The fact that the Forman mortgage was canceled of record does not prevent the application of the doctrine of subrogation (Hampton v. Counts, 202 Ala. 331, 80 So. 413), nor does the fact that the mortgage seeking subrogation covers also property other than that covered by the prior mortgage. First Ave. Coal Lumber Co. v. King, 193 Ala. 438, 69 So. 549.

At the end of the scheme of redemption outlined above, the balance due to Walter Marsh, if any, shall be proffered to the *688 land bank as a credit on its mortgage, to be accepted by it within a time to be fixed by the court, or, if declined by the bank, then to be paid to the said Marsh. In any event, that is to say, whether the amount so tendered, if any, be accepted or declined by the land bank, that part of the Tavner Marsh land now held by Walter Marsh shall, for the purpose of redemption, if exercised on behalf of complainants, be relieved of the burden of the land bank mortgage.

It is hardly necessary to say that the lien of the land bank on the land covered by its mortgage other than the Tavner Marsh land is in no wise affected by any ruling in this cause.

The lower court will make a decree carrying out the views here expressed and may refer it to its accounting officer to find the figures necessary to be found.

Affirmed in part; reversed and remanded in part.

All the Justices concur, except BROWN, J., who dissents to so much of the opinion as discharges Boyd.

1 Ante, p. 173.






Dissenting Opinion

On the former appeal, Marsh et al. v.
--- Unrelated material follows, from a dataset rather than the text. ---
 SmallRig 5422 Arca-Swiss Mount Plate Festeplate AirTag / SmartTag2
Marsh et al., 215 Ala. 571,112 So. 189, it was ruled by this court that: "One who claims title solely by virtue of or under and through a quitclaim deed is put upon notice of other equities against which said grantor would not warrant, and is not a bona fide purchaser." (Italics supplied.)
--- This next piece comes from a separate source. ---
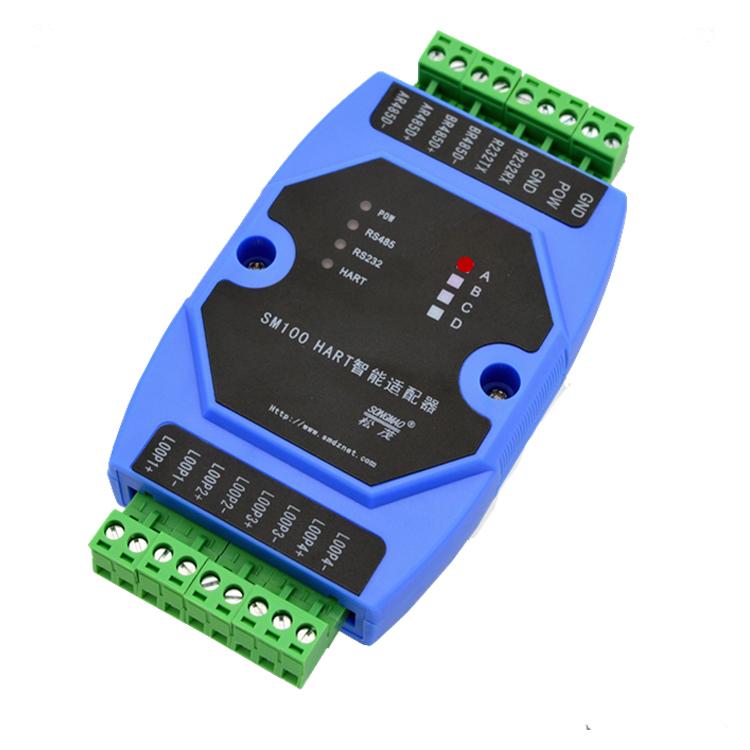 HART转MODBUS HART协议转换器HART转RS485转232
The parties had the right to rely on this utterance and try their case accordingly, and if that rule is applied to the facts of this case, neither Walter Marsh nor Boyd are innocent purchasers.
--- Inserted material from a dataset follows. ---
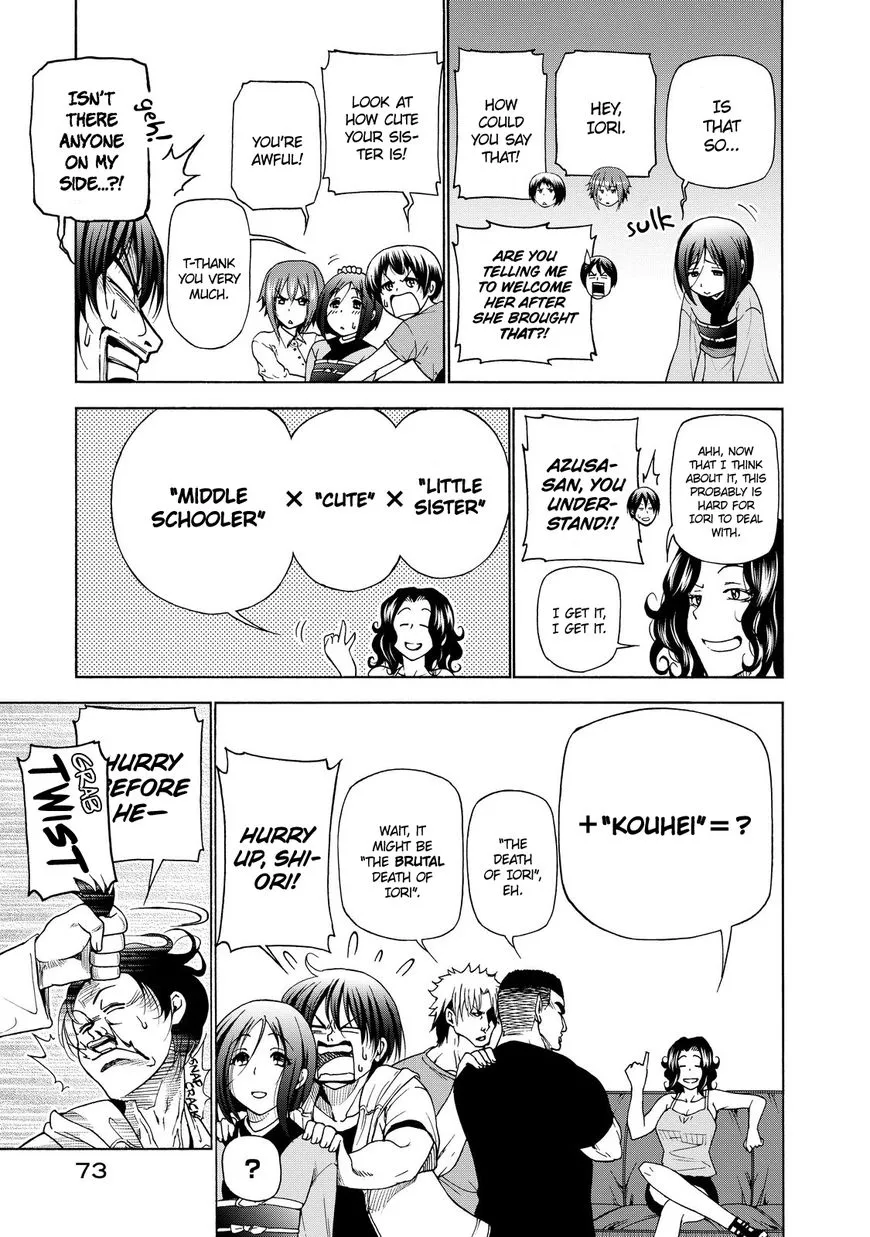 Read Grand Blue chapter 27 image 27 on Lezhin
The rule of that opinion should be applied in testing the correctness of the decree of the trial court, because it was the law of the case when the decree was rendered.

On the other hand, if the rule of Gordon v. Ward (Ala. Sup.)128 So. 217,1 be now applied, appellants are deprived of the right to meet the defense of bona fide purchasers, by showing notice to Boyd and Marsh by other evidence than the quitclaim deed, and tend to destroy public faith in the law as declared by this court.

Although the court was within its rights in overruling the opinion promulgated on the former appeal, and it was its duty to do so, the law should be so applied as not to destroy the rights of the parties or their faith in the utterances of the court.

The principle underlying the following cases compels the application of the law as declared on the former appeal to the decree under review: Bibb v. Bibb, 79 Ala. 437; Majestic Coal Co. v. Anderson, 203 Ala. 233, 82 So. 483; Farrior v. New England Mortgage Security Co., 92 Ala. 176, 9 So. 532,12 L.R.A. 856.

Therefore it is my judgment that the decree should be reversed as to both defendants, and the appellants allowed to present their case under the law as now declared, and therefore I respectfully dissent in so far as the decree is affirmed as to appellee Boyd.